*Material provided*.
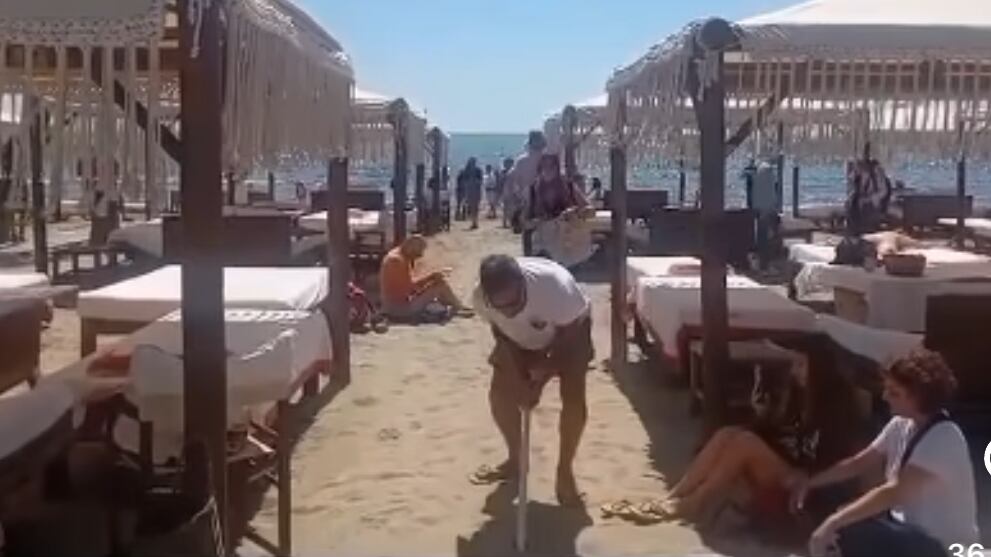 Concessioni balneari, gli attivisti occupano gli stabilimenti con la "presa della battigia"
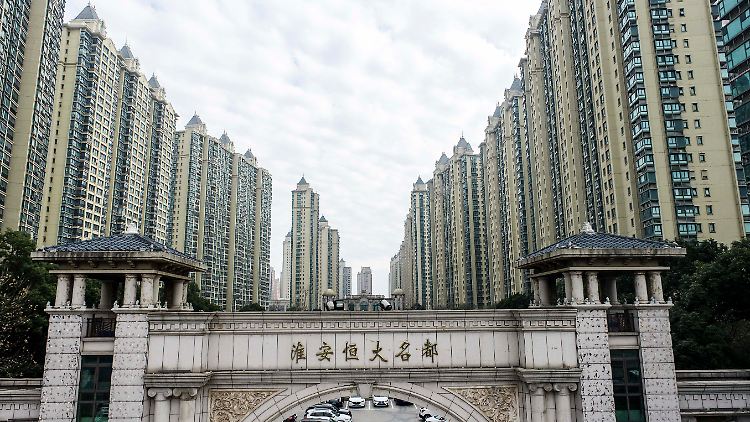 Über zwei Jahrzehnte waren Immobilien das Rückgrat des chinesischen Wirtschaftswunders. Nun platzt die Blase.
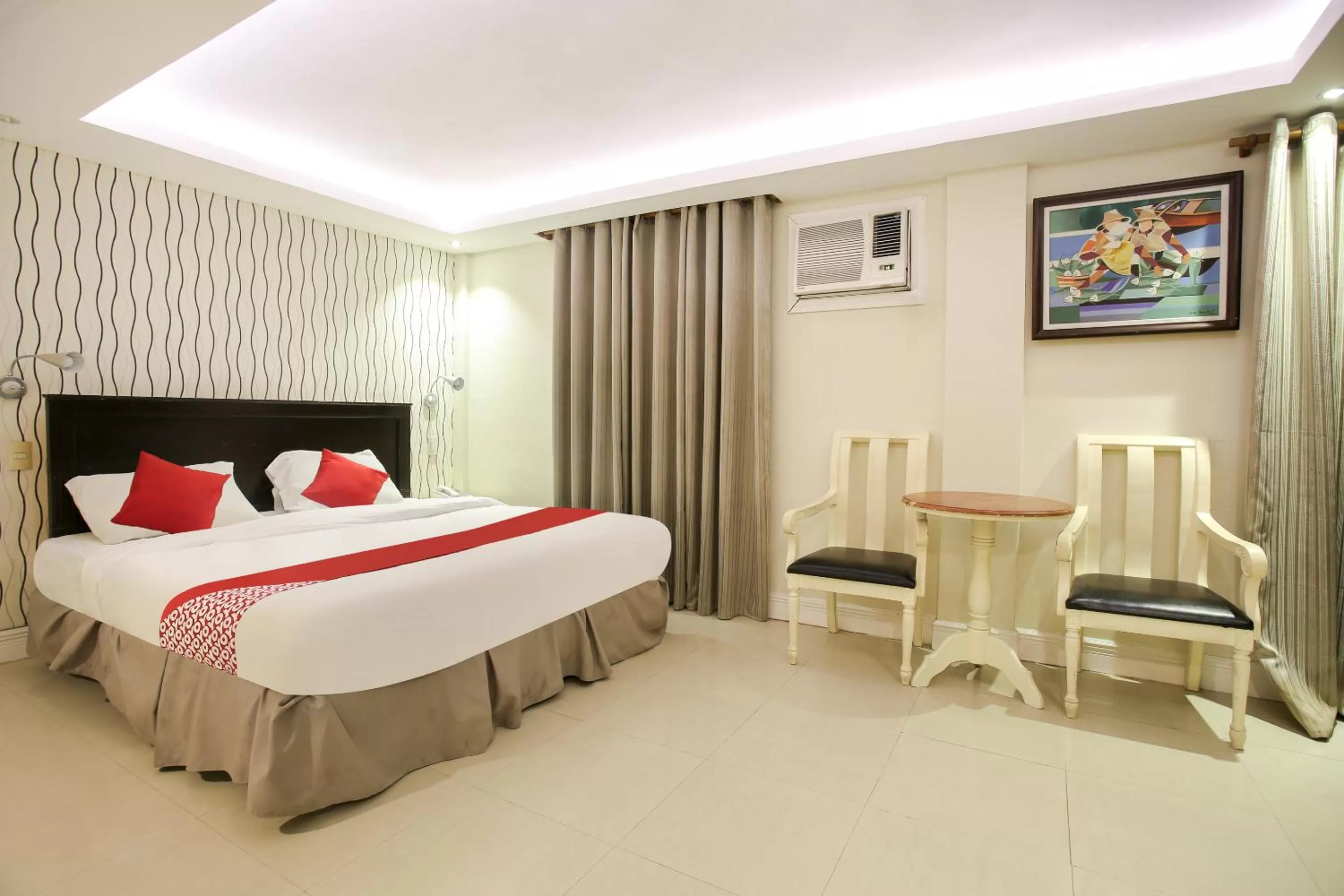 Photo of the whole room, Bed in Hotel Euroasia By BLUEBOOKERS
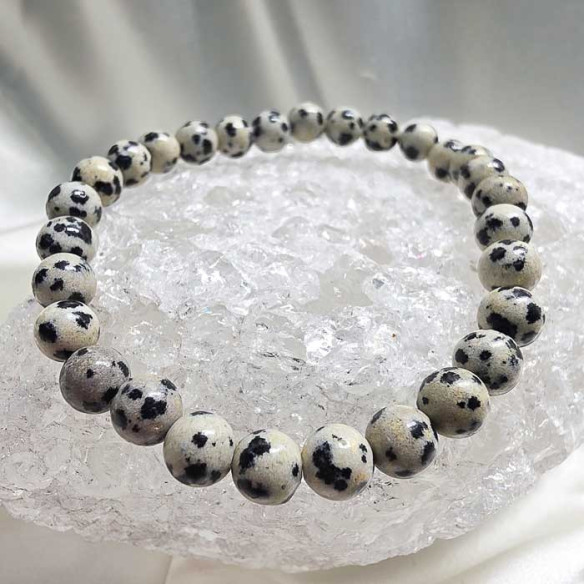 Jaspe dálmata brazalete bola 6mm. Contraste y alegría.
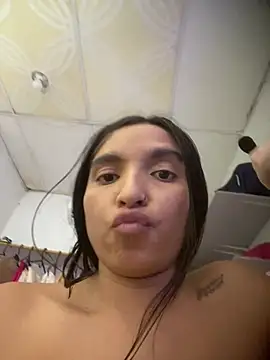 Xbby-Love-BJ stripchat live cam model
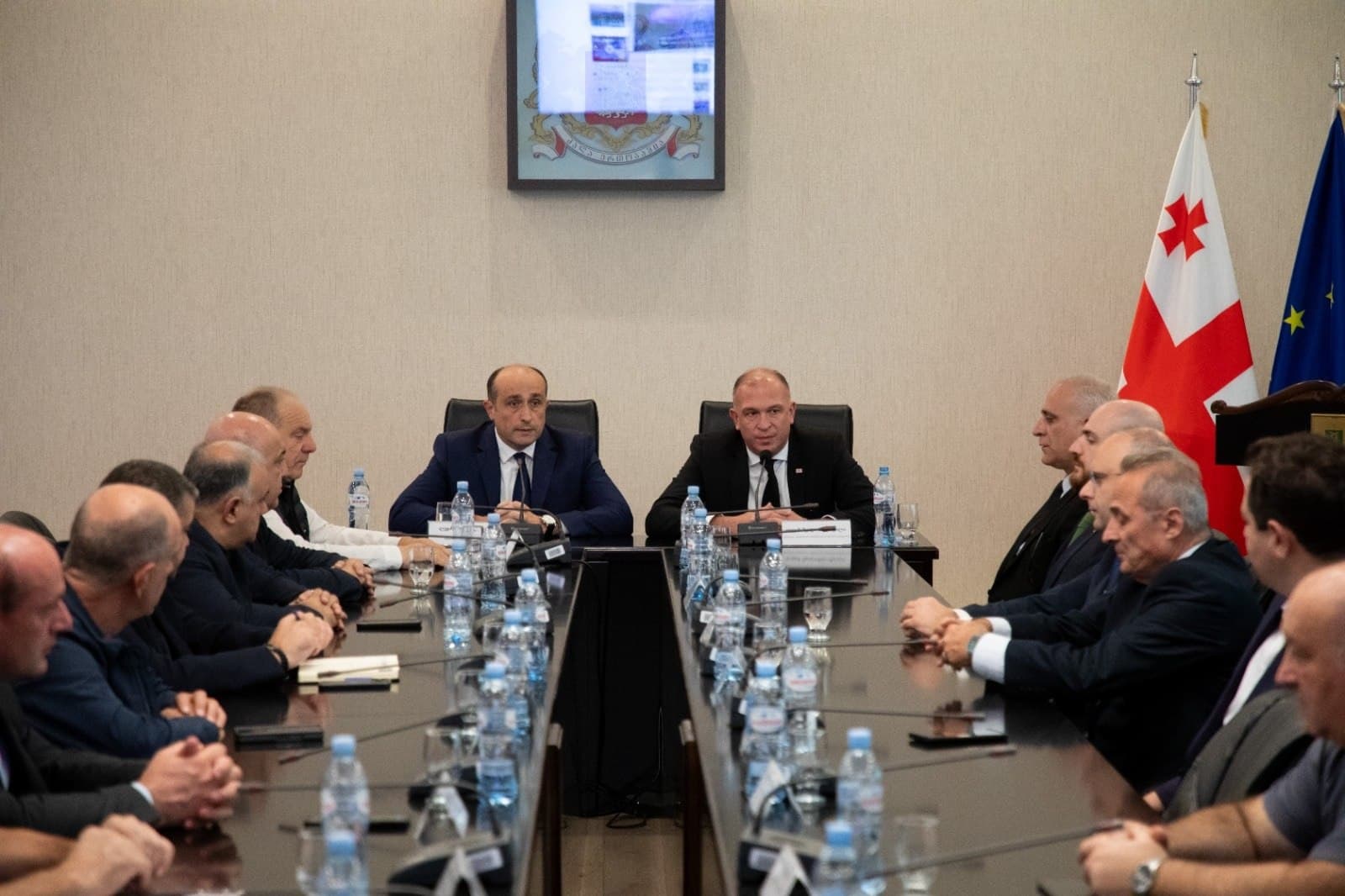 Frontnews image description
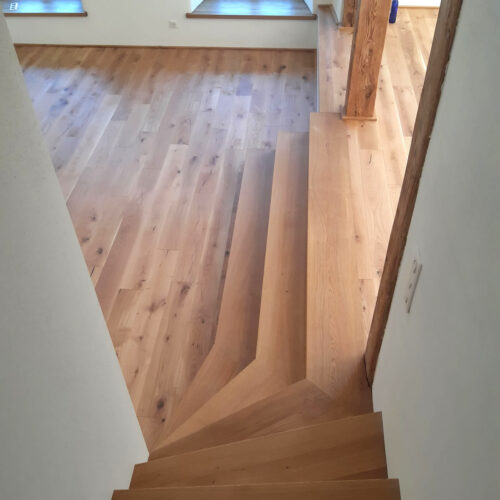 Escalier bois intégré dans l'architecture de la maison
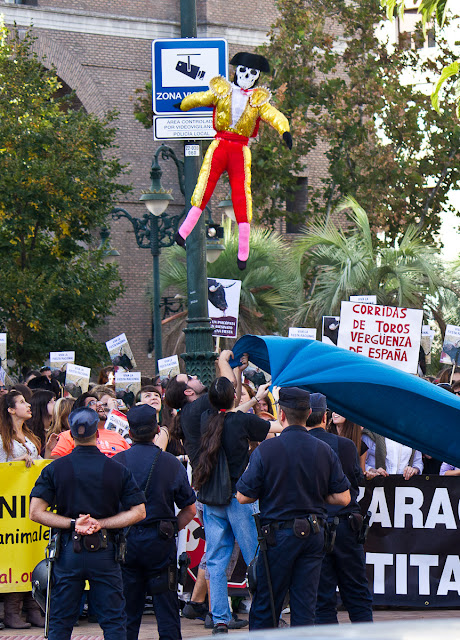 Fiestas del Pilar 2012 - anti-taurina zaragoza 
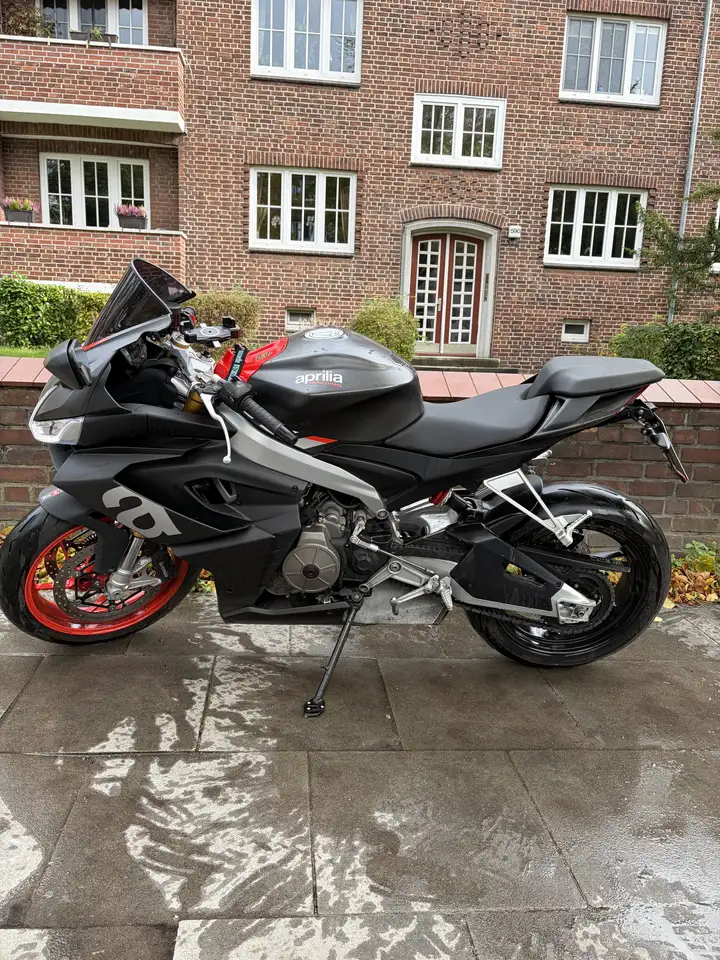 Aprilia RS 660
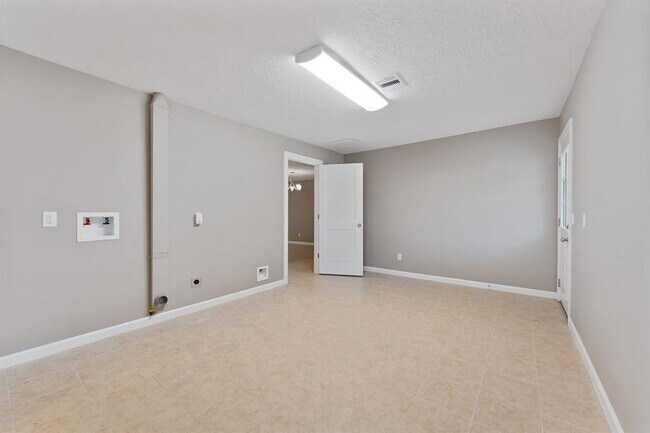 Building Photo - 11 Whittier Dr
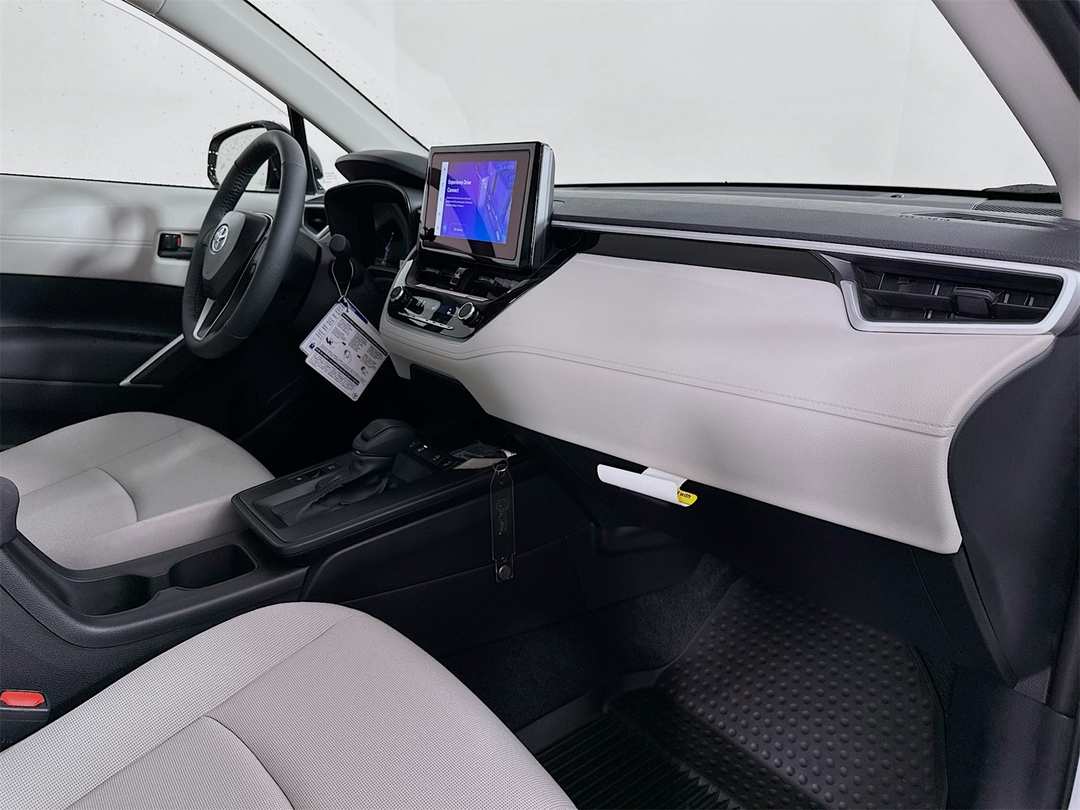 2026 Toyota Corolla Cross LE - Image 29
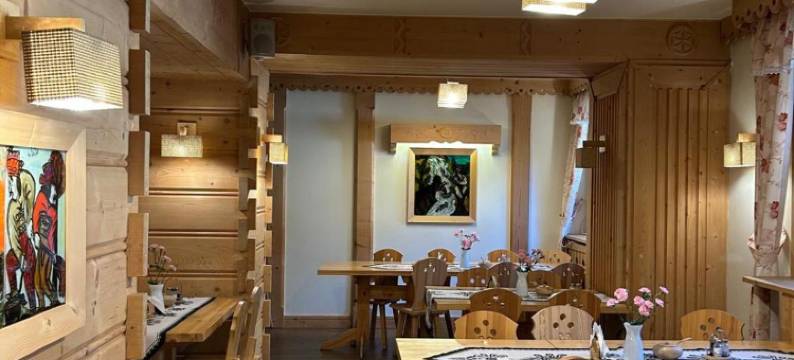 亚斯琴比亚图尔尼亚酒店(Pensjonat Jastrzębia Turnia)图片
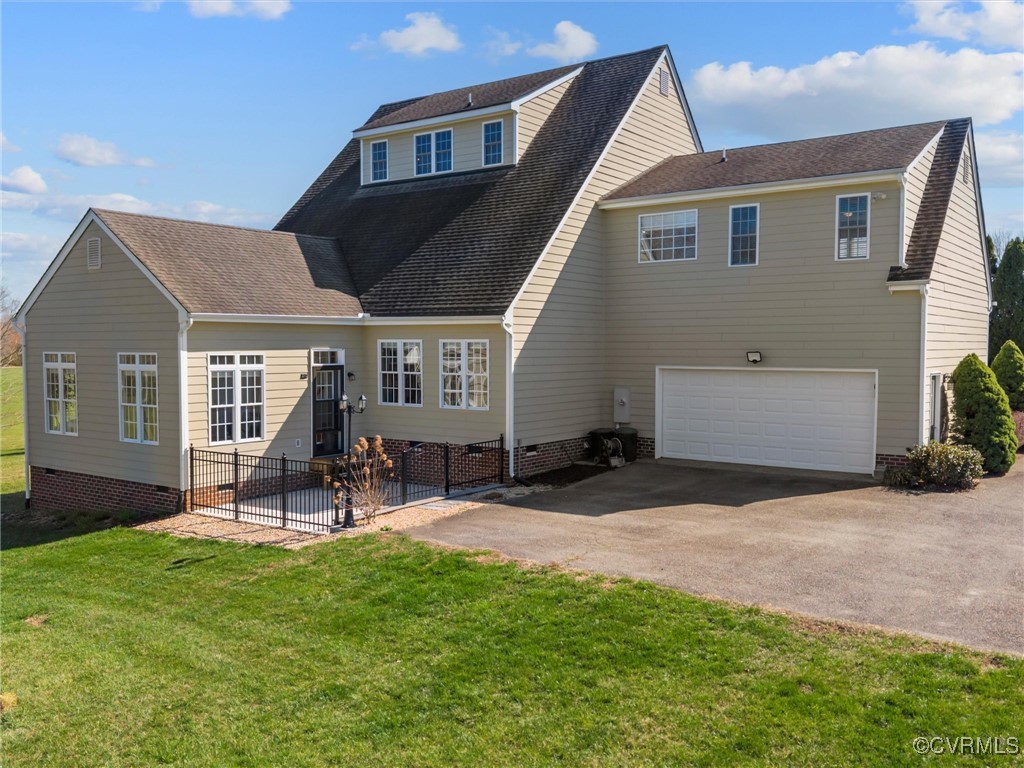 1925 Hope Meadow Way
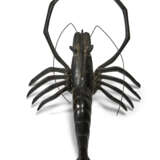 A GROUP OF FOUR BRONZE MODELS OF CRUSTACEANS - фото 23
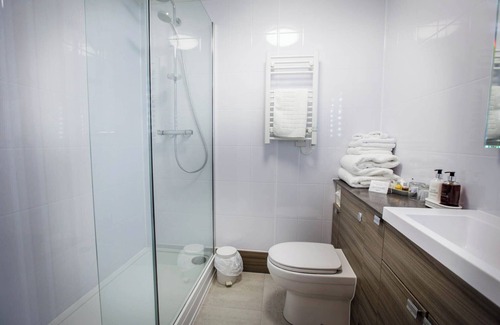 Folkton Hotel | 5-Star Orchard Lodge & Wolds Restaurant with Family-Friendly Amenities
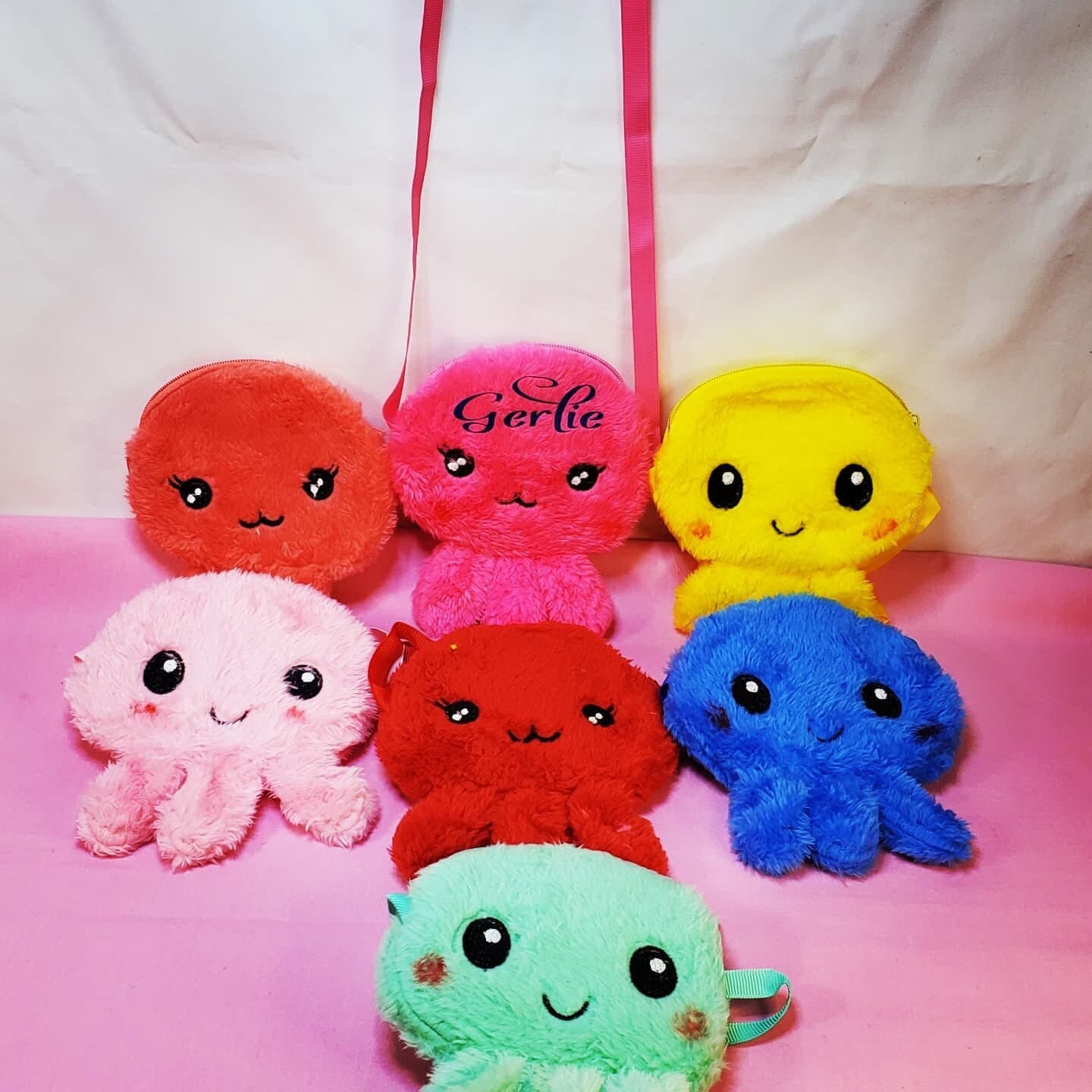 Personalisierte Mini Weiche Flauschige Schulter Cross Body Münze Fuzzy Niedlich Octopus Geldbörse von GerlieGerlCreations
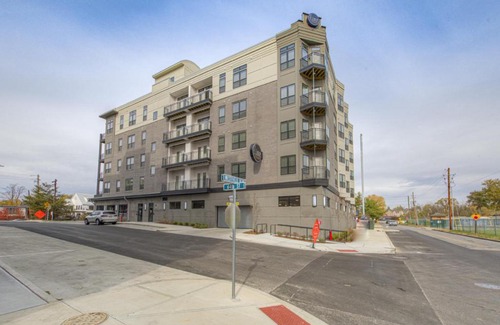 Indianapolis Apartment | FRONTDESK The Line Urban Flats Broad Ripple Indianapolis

*What the task asks*.
Every line above should be transcribed exactly, though no image should be carried over.

*Answer to the exercise*.
 Concessioni balneari, gli attivisti occupano gli stabilimenti con la "presa della battigia"
 Über zwei Jahrzehnte waren Immobilien das Rückgrat des chinesischen Wirtschaftswunders. Nun platzt die Blase.
 Photo of the whole room, Bed in Hotel Euroasia By BLUEBOOKERS
 Jaspe dálmata brazalete bola 6mm. Contraste y alegría.
 Xbby-Love-BJ stripchat live cam model
 Frontnews image description
 Escalier bois intégré dans l'architecture de la maison
 Fiestas del Pilar 2012 - anti-taurina zaragoza 
 Aprilia RS 660
 Building Photo - 11 Whittier Dr
 2026 Toyota Corolla Cross LE - Image 29
 亚斯琴比亚图尔尼亚酒店(Pensjonat Jastrzębia Turnia)图片
 1925 Hope Meadow Way
 A GROUP OF FOUR BRONZE MODELS OF CRUSTACEANS - фото 23
 Folkton Hotel | 5-Star Orchard Lodge & Wolds Restaurant with Family-Friendly Amenities
 Personalisierte Mini Weiche Flauschige Schulter Cross Body Münze Fuzzy Niedlich Octopus Geldbörse von GerlieGerlCreations
 Indianapolis Apartment | FRONTDESK The Line Urban Flats Broad Ripple Indianapolis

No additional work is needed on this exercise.